Para explorar la propuesta completa de bebidas de La Makha, incluyendo cócteles de autor, carta de vinos y opciones sin alcohol, el artículo sobre cócteles de autor y mixología colombiana en La Makha detalla la filosofía de la barra y los ingredientes que la definen.
Horarios y reserva
La Makha abre para cena de lunes a jueves de 6:00 p.m. a 10:00 p.m., y viernes y sábado hasta las 10:30 p.m. Los domingos y festivos no abre para cena. El desayuno está disponible todos los días de 6:00 a.m. a 11:30 a.m.
El restaurante está en la Carrera 25 #10-51, Transversal Superior, El Poblado, Medellín, en el primer piso de Binn Hotel, con parqueadero cubierto y gratuito.
Preguntas frecuentes sobre los mocktails en La Makha
¿Tiene La Makha una carta de mocktails?
La Makha no tiene una carta separada de mocktails pero sí tiene la capacidad de construir versiones sin alcohol de sus cócteles de autor usando los mismos ingredientes base con ajustes técnicos para compensar la ausencia del alcohol.
¿Qué ingredientes usa La Makha en sus mocktails?
Poleo antioqueño, corozo del litoral colombiano, hibiscus de los Montes de María, limón mandarino, chontaduro del Pacífico y otros ingredientes colombianos de origen verificado que tienen suficiente complejidad aromática para funcionar en bebidas sin alcohol.
¿Se puede hacer un maridaje sin alcohol en La Makha?
Sí. El equipo de La Makha puede construir una secuencia de bebidas sin alcohol para acompañar el menú degustación, usando los ingredientes de la barra con la misma lógica del maridaje curado oficial.
¿Cuánto cuestan los cócteles de autor en La Makha?
Los cócteles de autor cuestan entre $38.000 y $60.000. Las versiones sin alcohol se construyen a pedido con precios similares según los ingredientes utilizados.

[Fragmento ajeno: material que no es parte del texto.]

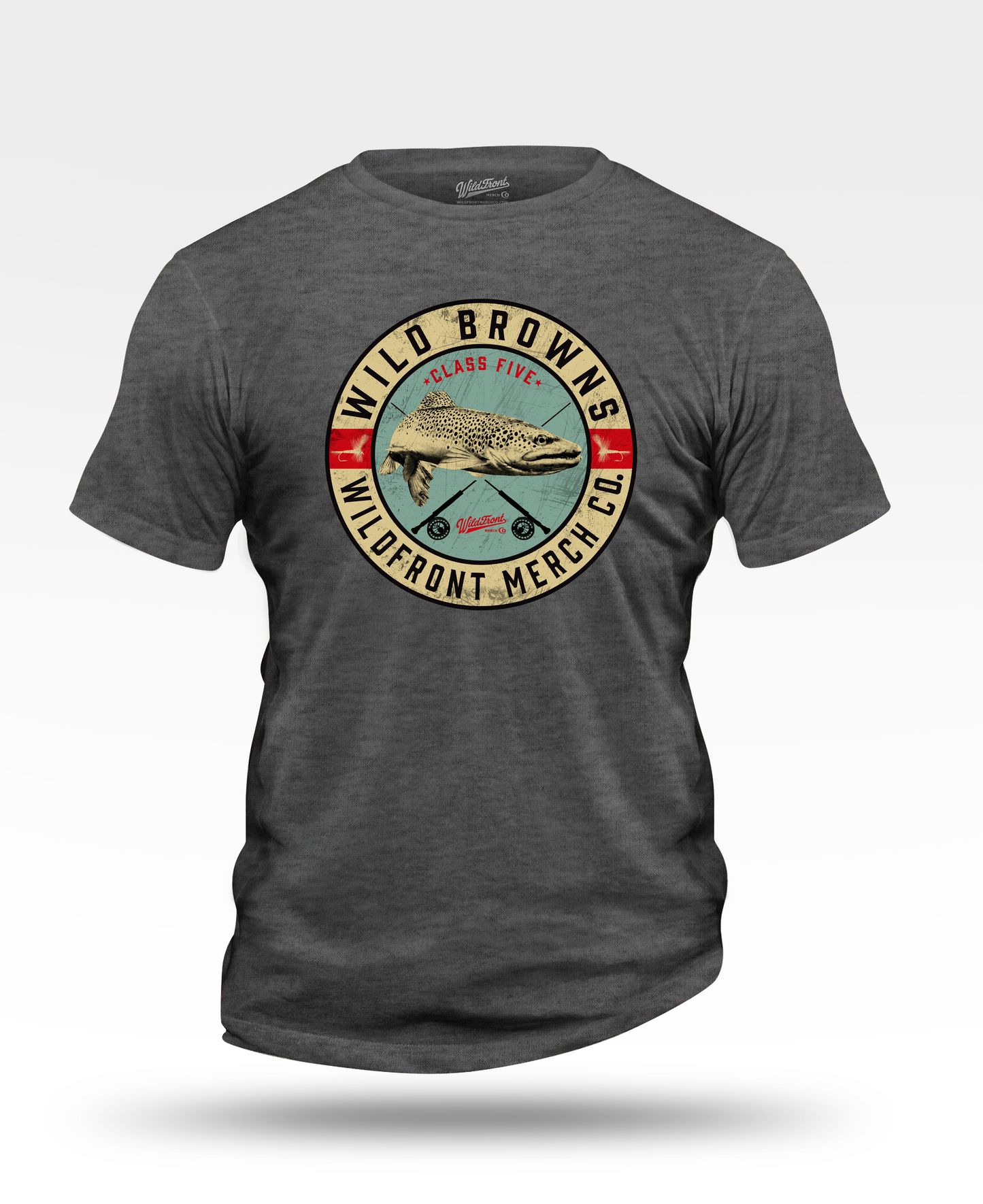 Wild Browns Fly Fishing T-Shirt — Vintage Trout Logo Tee for Anglers
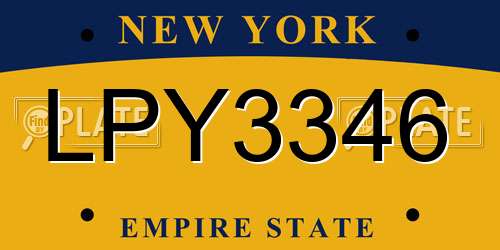 LPY3346 New York License Plate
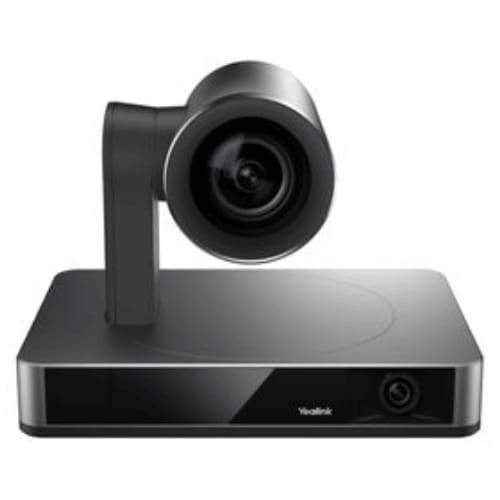 Yealink UVC86 dual 4K intelligent tracking video conferencing camera with dual lenses and auto-framing feature in black.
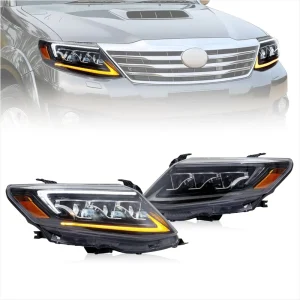 LED Projector Headlight Assembly Plug & Play For Toyota Fortuner 2011 2015 12V DRL Retrofit Front Lamp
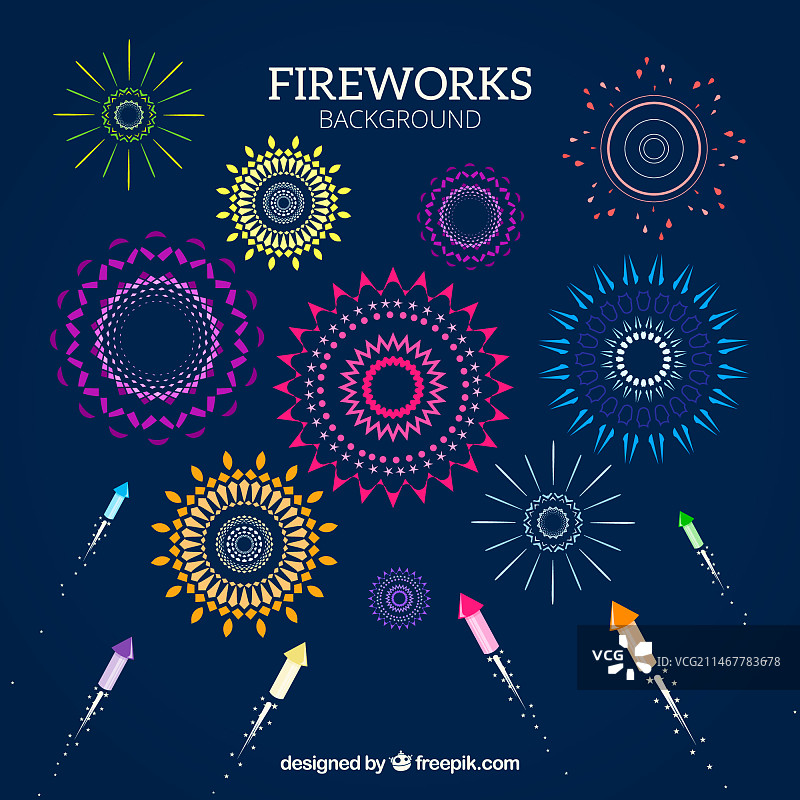 烟花装饰背景图片素材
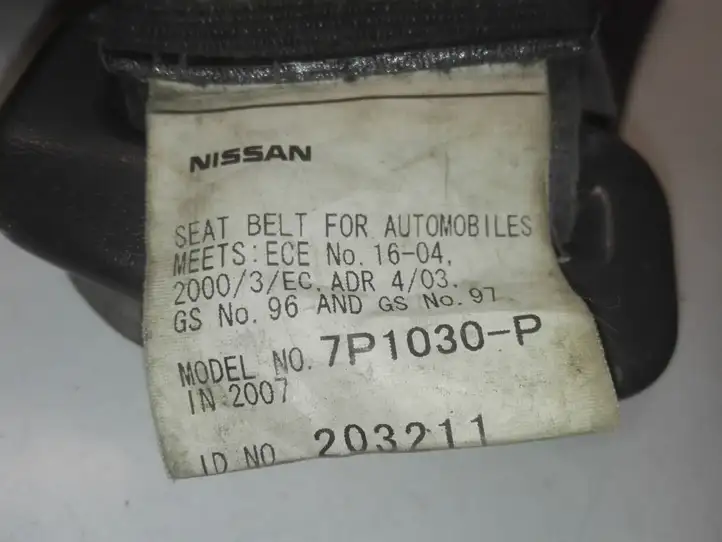 Nissan Navara D40 (2004 - 2015) 7P1030P Передний ремень безопасности — фото 2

¿Dónde está La Makha en Medellín?
En la Carrera 25 #10-51, Transversal Superior, El Poblado, Medellín, en el primer piso de Binn Hotel.
¿Cuánto cuesta el menú degustación en La Makha?
$330.000 por persona sin maridaje y $420.000 con maridaje curado. Para comensales que no beben alcohol, el equipo puede construir un maridaje sin alcohol a precio similar.
Para reservar y explorar la propuesta completa de La Makha, el punto de partida es la página oficial del restaurante. No beber alcohol no debería ser una razón para tener una experiencia de menor calidad en la mesa. En La Makha no lo es.